Originally Posted by
The Sultan
It is my understanding that the “vertical hop” with Van Horn blades is asynchronous with main rotor 1/rev which makes it completely different from the “hop” with Bell blades. With Bell blades the “hop” at certain torque settings (ground and flight) is at 1/rev and is aggravated by a swashplate with freeplay when the sum of the forces on the swashplate oscillates through zero. With Bell blades this “feature” is never at a level that would be considered violent. The VH “hop” sounds more like it is sourced from a rotor mode coincident with an airframe/pylon mode.

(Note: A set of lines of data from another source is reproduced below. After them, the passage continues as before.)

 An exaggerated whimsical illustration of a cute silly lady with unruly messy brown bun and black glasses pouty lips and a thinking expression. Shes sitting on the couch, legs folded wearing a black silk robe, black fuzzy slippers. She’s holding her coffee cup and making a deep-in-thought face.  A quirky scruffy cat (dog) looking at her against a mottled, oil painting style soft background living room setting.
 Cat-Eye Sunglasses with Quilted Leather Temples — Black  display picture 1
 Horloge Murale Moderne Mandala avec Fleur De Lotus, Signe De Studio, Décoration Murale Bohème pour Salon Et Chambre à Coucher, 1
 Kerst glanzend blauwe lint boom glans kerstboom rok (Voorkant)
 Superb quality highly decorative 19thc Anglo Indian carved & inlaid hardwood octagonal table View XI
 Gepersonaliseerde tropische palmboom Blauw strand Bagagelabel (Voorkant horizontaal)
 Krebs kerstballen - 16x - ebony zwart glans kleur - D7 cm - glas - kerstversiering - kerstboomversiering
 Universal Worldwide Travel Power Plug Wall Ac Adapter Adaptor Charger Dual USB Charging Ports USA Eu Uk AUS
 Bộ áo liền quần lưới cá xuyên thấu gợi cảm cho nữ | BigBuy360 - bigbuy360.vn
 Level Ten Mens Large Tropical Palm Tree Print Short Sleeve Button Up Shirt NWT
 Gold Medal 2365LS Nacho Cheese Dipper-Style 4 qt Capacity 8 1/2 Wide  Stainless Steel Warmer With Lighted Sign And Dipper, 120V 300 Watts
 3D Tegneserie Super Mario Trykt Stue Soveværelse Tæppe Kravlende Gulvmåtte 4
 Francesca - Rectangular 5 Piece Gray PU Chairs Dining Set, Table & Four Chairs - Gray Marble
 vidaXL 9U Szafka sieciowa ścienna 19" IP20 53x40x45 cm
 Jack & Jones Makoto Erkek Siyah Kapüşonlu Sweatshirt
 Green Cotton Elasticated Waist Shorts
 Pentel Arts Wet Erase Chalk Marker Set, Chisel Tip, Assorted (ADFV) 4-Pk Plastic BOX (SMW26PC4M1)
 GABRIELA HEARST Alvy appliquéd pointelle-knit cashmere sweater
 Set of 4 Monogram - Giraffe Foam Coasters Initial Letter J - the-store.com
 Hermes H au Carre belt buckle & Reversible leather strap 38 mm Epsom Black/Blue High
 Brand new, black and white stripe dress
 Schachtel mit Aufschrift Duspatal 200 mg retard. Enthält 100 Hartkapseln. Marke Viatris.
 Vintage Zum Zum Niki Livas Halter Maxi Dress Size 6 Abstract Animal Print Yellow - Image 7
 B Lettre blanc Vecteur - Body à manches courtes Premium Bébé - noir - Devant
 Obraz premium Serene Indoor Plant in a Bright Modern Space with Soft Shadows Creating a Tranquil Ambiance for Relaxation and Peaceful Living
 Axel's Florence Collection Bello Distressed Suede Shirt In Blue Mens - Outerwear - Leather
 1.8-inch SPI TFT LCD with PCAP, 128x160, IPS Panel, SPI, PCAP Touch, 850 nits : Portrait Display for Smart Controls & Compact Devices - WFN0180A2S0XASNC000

Sultan: when you say "asynchronous with main rotor 1/rev" are you saying the "hop" is at 0.5/rev or perhaps instead 2/rev? I am no aviation engineer, but I would associate a 1/rev with a mass imbalance in main rotor, or inconsistent incidence settings on (both) blades. The 2/rev corresponds to blade passing frequency of a 2-blade main rotor and can easily be explained by unsteady aerodynamics of the rotor in forward flight, even with perfectly balanced and set-up rotor. The 2-rev is what the Nodamatic suspension on the Long Ranger (and a few other Bell types) is intended to smooth out. A 0.5/rev might be possible too. The equivalent on ships operating in a seaway is called "parametric rolling" (sometimes also called asynchronous rolling) as opposed to "synchronous rolling" and sometimes leads to loss of containers when very large but relatively slow roll motions build up on containerships.
I still have an uneasy feeling that blades with different mass and stiffness characteristics than OEM Bell blades might be adversely interacting with the Nodamatic system in a way that hasn't been fully understood by VH, Bell or regulators? Furthermore, I feel it might be possible any "hop" may not be doing much good to the securing arrangement for the inertia masses in the blade tips. So the need for the tap testing (and VH has a more recent reminder of the importance of this on their website) and the incidence of "hopping" could be linked. Speculation?... sure, I accept it is. The sooner NTSB has findings on New York accident and TSB has findings on latest Long Ranger loss, the better.